Reputation: 107
I currently want two .Net applications running on separate servers within different networks. On one of the servers an API will be hosted to provide sensitive data from a database, and on another server an application will then send requests to that API. Within the network storing the application, which sends requests to the API, the idea was to have a Authentication project which would authenticate application users and provide them with a oAuth Token which can be used to query the API on the other network.
All I want to do when the requests reach the API is to have a method to check they have been authorised and are genuine.
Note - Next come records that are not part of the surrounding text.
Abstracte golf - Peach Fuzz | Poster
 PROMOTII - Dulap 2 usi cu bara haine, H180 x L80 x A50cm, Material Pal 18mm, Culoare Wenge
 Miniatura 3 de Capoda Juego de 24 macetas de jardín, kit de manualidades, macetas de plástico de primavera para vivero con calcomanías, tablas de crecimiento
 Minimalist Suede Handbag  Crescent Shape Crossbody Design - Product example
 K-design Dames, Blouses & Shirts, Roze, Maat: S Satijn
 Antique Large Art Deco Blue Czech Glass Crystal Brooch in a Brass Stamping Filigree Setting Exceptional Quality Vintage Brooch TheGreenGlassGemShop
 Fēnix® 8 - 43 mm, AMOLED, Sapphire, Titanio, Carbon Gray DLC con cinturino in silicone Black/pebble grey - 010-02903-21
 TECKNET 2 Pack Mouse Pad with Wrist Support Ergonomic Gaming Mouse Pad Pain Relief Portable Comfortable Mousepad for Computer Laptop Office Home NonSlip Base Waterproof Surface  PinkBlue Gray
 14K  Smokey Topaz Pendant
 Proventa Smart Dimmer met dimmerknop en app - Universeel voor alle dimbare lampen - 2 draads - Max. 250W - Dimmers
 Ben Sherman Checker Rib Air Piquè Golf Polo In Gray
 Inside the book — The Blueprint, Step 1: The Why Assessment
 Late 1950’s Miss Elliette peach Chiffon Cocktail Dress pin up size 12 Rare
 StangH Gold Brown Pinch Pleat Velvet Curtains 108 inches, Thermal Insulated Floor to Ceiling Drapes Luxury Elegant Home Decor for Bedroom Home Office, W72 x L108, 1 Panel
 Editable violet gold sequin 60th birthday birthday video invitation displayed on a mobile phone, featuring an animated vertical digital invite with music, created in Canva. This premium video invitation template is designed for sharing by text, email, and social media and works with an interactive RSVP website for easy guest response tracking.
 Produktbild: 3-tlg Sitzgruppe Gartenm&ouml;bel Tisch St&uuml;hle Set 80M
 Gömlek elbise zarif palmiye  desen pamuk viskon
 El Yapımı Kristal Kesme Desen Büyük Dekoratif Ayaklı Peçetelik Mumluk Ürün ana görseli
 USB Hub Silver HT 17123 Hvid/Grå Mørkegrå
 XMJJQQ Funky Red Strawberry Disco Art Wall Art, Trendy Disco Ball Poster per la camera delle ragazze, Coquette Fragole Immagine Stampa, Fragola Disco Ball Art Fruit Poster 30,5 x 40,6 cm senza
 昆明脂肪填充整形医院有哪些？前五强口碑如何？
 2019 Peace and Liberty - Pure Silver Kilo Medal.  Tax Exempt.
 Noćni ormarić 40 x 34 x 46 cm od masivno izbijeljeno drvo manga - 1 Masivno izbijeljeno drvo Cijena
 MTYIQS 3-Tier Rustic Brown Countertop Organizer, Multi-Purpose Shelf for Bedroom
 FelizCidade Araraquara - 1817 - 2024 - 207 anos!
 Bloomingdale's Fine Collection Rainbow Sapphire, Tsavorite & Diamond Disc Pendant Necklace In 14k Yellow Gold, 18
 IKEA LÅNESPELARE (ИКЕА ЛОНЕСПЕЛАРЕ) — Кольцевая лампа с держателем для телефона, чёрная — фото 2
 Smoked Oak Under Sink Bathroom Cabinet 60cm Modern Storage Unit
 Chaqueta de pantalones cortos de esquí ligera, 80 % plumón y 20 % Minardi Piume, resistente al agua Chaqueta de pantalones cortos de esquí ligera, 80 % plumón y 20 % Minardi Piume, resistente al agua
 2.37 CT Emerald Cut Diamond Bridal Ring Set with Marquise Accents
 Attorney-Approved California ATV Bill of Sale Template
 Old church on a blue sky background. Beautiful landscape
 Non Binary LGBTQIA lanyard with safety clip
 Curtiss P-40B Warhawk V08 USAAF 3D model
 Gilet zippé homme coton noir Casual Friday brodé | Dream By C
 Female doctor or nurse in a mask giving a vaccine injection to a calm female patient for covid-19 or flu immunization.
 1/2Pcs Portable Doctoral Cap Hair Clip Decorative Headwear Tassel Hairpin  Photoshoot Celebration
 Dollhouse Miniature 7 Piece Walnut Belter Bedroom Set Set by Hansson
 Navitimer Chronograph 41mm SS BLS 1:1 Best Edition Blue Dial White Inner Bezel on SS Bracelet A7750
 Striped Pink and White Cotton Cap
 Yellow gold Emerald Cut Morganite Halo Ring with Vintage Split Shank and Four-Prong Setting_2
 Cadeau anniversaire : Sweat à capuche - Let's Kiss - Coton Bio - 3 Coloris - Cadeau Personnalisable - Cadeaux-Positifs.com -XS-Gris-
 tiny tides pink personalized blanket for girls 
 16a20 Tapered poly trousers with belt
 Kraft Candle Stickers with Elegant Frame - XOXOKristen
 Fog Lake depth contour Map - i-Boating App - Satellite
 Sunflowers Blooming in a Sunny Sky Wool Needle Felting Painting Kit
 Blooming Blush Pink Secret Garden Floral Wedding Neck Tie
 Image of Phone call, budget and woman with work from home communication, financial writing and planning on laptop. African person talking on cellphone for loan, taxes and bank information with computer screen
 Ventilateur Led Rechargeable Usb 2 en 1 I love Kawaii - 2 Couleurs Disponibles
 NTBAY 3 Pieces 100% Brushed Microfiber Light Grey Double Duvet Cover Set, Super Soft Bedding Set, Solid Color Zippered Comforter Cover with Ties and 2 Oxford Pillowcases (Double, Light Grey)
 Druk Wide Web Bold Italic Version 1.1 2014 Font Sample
I was thinking that to ensure requests are genuine I could provide both applications with the same secret key for oAuth encryption and the API could then attempt to decrypt the token and if successful it is a trusted request as it was encrypted with the same key.
I'm not sure if this is a secure way to check authentication and would like some opinions to whether this is a good idea.
Upvotes: 1
Views: 1968
Reputation: 498
For decode a string token you need the secret string wich was used to generate encrypt token. This code works for me:
protected string GetName(string token)
{
string secret = "this is a string used for encrypt and decrypt token";
var key = Encoding.ASCII.GetBytes(secret);
var handler = new JwtSecurityTokenHandler();
handler.ReadToken(token);
var tokenSecure = handler.ReadToken(token) as SecurityToken;
var validations = new TokenValidationParameters
{
ValidateIssuerSigningKey = true,
IssuerSigningKey = new SymmetricSecurityKey(key),
ValidateIssuer = false,
ValidateAudience = false
};
var claims = handler.ValidateToken(token, validations, out tokenSecure);
return claims.Identity.Name;
}
Upvotes: 0
Reputation: 57718
What you're describing seems more a simple token-based authentication system rather than the full OAuth authorization framework. OAuth as the name implies is more about granting apps authorization to act on your behalf.
OAuth: An open standard for authorization. Development began in 2006 as employees from companies like Twitter and Google saw the need for a set of shared protocols dictating how web services should authorize other web apps to access to their users' information.
(emphasis is mine, source: Auth0 Identity Glossary)
Don't get me wrong, you could accomplish what you want by going full OAuth, but for this use case it doesn't seem necessary. You can achieve the same by implementing a token-based authentication system using JWT as the token format; this has a couple of benefits:
With JWT, the trust relationship between the application doing the authentication and the API consuming the token is established by the fact that JWT's can be signed (either with symmetric key, which seems to be your use case, or with an asymmetric key) to ensure that no one besides the holder of the key could have generated this valid token. JWT's also support encryption, but the signing is sufficient to establish the trust relationship, you only need to bring encryption to the mix if you have sensitive information in the token itself and want to protect it from eavesdropping.
In .NET you should be able to get started on creating and validating JWT's token signed with a symmetric key by relying on the following Nuget package System.IdentityModel.Tokens.Jwt.